The restriction is, the client must download the entire lump file if it wants
even one upd file in it. As a last resort, all upd files are always available
individually. Ironically, each lump file is also an upd file, using the same
sequence number naming scheme. The client would look at the lump files available,
and decide which ones have the most stuff they need and the least stuff they don’t.
If there is too much unwanted stuff, then it would pay to download files
individually. In practice you might have a lump for updates up to the first of
this year, one for updates from first of the year to the first of this month,
one for the first of the month until yesterday, and one for today’s updates.

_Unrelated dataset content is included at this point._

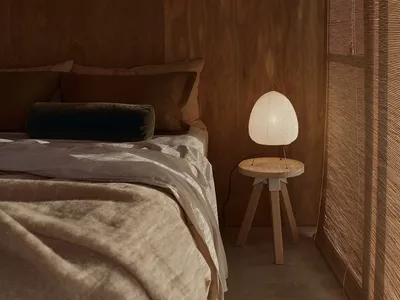 Bedroom features wooden walls and a wooden bedside table with a light lamp.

Note that ideally you rebuild all the lumps each day to prune them of deadwood,
and add any new files to them. A client coming in cold would need to download
all four lump files. A client who updated daily would need to download only one.
A client who updated hourly would download individually. The server is free to
update the lump files at any time even when clients are in the middle of
downloads, because of the way updates are done by always creating new upd and
lump files.
- You need to do your updates to the server’s copy of the *.upd files in batches.
You don’t update the root file until all the upd files in the batch are complete.
The client does not start using his system again until all the upd files
mentioned in the root file are downloaded and installed. You don’t want the
client using his system when only a few of the files of the update have been
installed.
- Some files can’t just simply be plopped on the client site. They need to be
installed, e.g. inserted into the registry or specially processed, e.g. to set
special attribute bits, reboot to replace a DLL, etc. the way Java Web Start
does. You need a way to specify custom installers. See Installer
and the Installer Project.
- This scheme still redownloads large non-jar files even if so much as a comma in
them changes. See the Delta Creator project for
how to tackle that problem. The same problem applies to large members where only
a tiny part of them has actually changed.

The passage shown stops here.